Please use this identifier to cite or link to this item: http://hdl.handle.net/1893/18241
Appears in Collections:Biological and Environmental Sciences Journal Articles
Peer Review Status: Refereed
Title: Electron transfer from humic substances to biogenic and abiogenic Fe(III) oxyhydroxide minerals
Authors: Piepenbrock, Annette
Schröder, Christian
Kappler, Andreas
Contact Email: christian.schroeder@stir.ac.uk
Issue Date: Jan-2014
Publisher: American Chemical Society
Citation: Piepenbrock A, Schröder C & Kappler A (2014) Electron transfer from humic substances to biogenic and abiogenic Fe(III) oxyhydroxide minerals, Environmental Science and Technology, 48 (3), pp. 1656-1664.
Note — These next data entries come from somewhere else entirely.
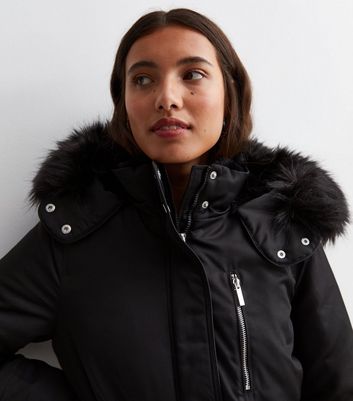 Black Faux Fur Lined Hooded Parka Jacket New Look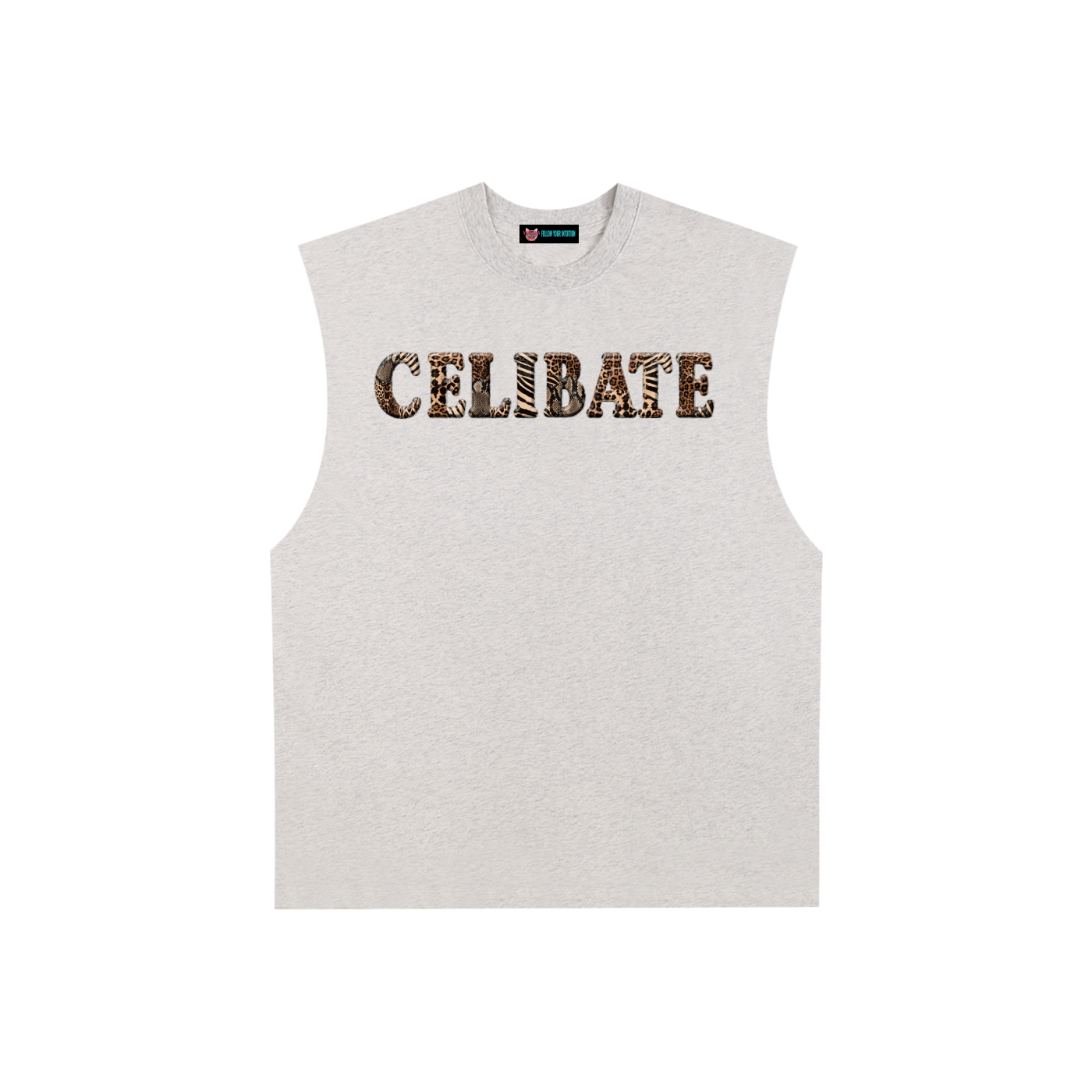 Muscletank,celibate,unisexclothing,streetwear,contemporaryfashion,VIXANNANYC,leopardprint,animalprints,statement,statementpiece,Cotton,cottontank,graphictank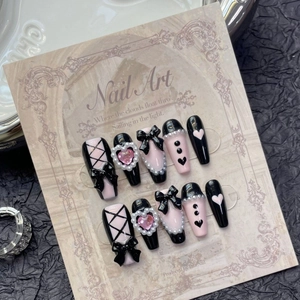 Handmade black and pink coffin press-on nails with 3D bows, pearls, and heart rhinestones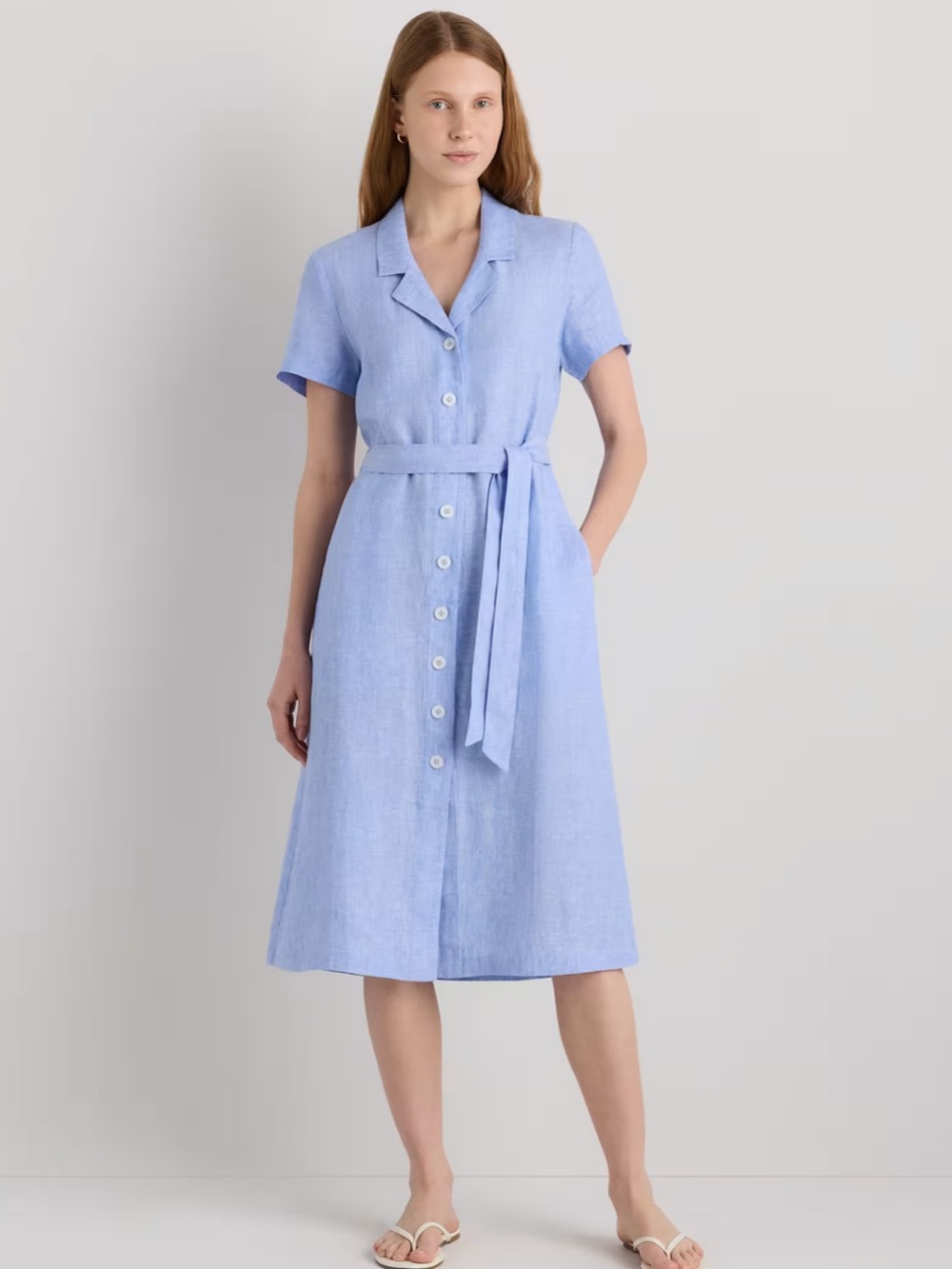 Quince 100% European Linen Button Front Dress, Size XL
Abstract: Microbial humic substance (HS) reduction and subsequent abiotic electron transfer from reduced HS to poorly soluble Fe(III) (oxyhydr)oxides, a process named electron shuttling, significantly increases microbial Fe(III) mineral reduction rates. However, the importance of electron shuttling in nature and notably the electron transfer from HS to biogenic Fe(III) (oxyhydr)oxides have thus far not been determined. In this study, we have quantified the rate and extent of electron transfer from reduced and non-reduced Pahokee Peat humic acids (PPHA) and fresh soil organic matter (SOM) extracts to both synthetic and environmentally relevant biogenic Fe(III) (oxyhydr)oxides. We found that biogenic Fe(III) minerals were reduced faster and to an equal or higher degree than their abiogenic counterparts. Differences were attributed to differences in crystallinity and the association of bacterial biomass with biogenic minerals. Compared to purified PPHA, SOM extract transferred fewer electrons per mg carbon and electron transfer was observed only to poorly crystalline ferrihydrite but not to more crystalline goethite. This indicates a difference in redox potential distribution of the redox-active functional groups in extracted SOM relative to the purified PPHA. Our results suggest that HS electron shuttling can also contribute to iron redox processes in environments where biogenic Fe(III) minerals are present.
Type: Journal Article
URI: http://hdl.handle.net/1893/18241
DOI Link: http://dx.doi.org/10.1021/es404497h
Rights: The publisher does not allow this work to be made publicly available in this Repository. Please use the Request a Copy feature at the foot of the Repository record to request a copy directly from the author. You can only request a copy if you wish to use this work for your own research or private study.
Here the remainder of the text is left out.